[Date Prev][Date Next][Thread Prev][Thread Next][Date Index][Thread Index]
Re: [Qemu-devel] Multi GPU passthrough via VFIO
From: |
Alex Williamson |
Subject: |
Re: [Qemu-devel] Multi GPU passthrough via VFIO |
Date: |
Wed, 05 Feb 2014 14:27:54 -0700 |
On Wed, 2014-02-05 at 22:10 +0100, Maik Broemme wrote:
> Hi Alex,
>
> Alex Williamson <address@hidden> wrote:
> > On Wed, 2014-02-05 at 19:59 +0100, Maik Broemme wrote:
> > > Hi,
> > >
> > > currently VFIO with multi GPU passthrough is working partially and
> > > hopefully somebody has a hint about the problem. I'm doing passthrough
> > > of an AMD Radeon R9 290X and AMD Radeon 7870 GHz Edition to a single VM.
> > >
> > > If the VM is running Linux this works quite well with radeon or fglrx
> > > driver. Please see 'dmesg' log attached, when using the radeon driver.

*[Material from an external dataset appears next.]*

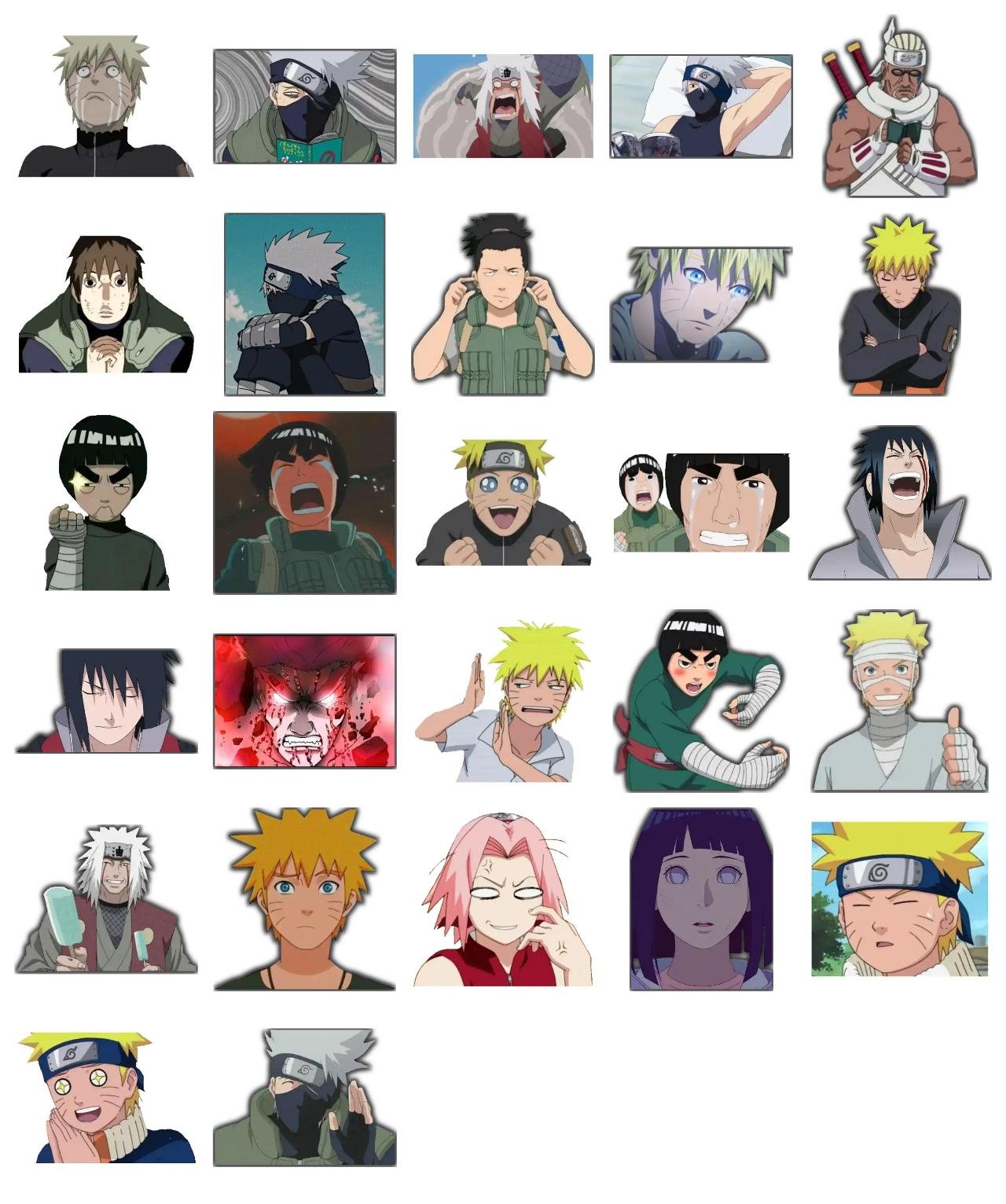 Naruto #25 Naruto sticker pack for Whatsapp, Telegram, Signal, and others chatting and message apps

> > > If needed I can also post one with fglrx driver.
> > >
> > > If I do the exact same passthrough to a Windows VM and use latest AMD
> > > Catalyst 14.1 (2/1/2014) or AMD Catalyst 13.12 (12/18/2013) I can get
> > > only the first device working (AMD R9 290X) with 'x-vga=on'. I don't
> > > enable 'x-vga=on' on second device as this should never work. :)
> >
> > Why not? The guest is able to change the VGA enable bit in the emulated
> > bridge registers and access VGA space of each device, just like happens
> > on bare metal. You'll only get one device initialized from seabios, but
> > that's the same as would happen on bare metal as well.
> >
>
> Well it was just my guess as it would behave like most physical boxes
> in this case. :)
>
> > > I see
> > > BIOS boot screen and everything works fine except for the second GPU.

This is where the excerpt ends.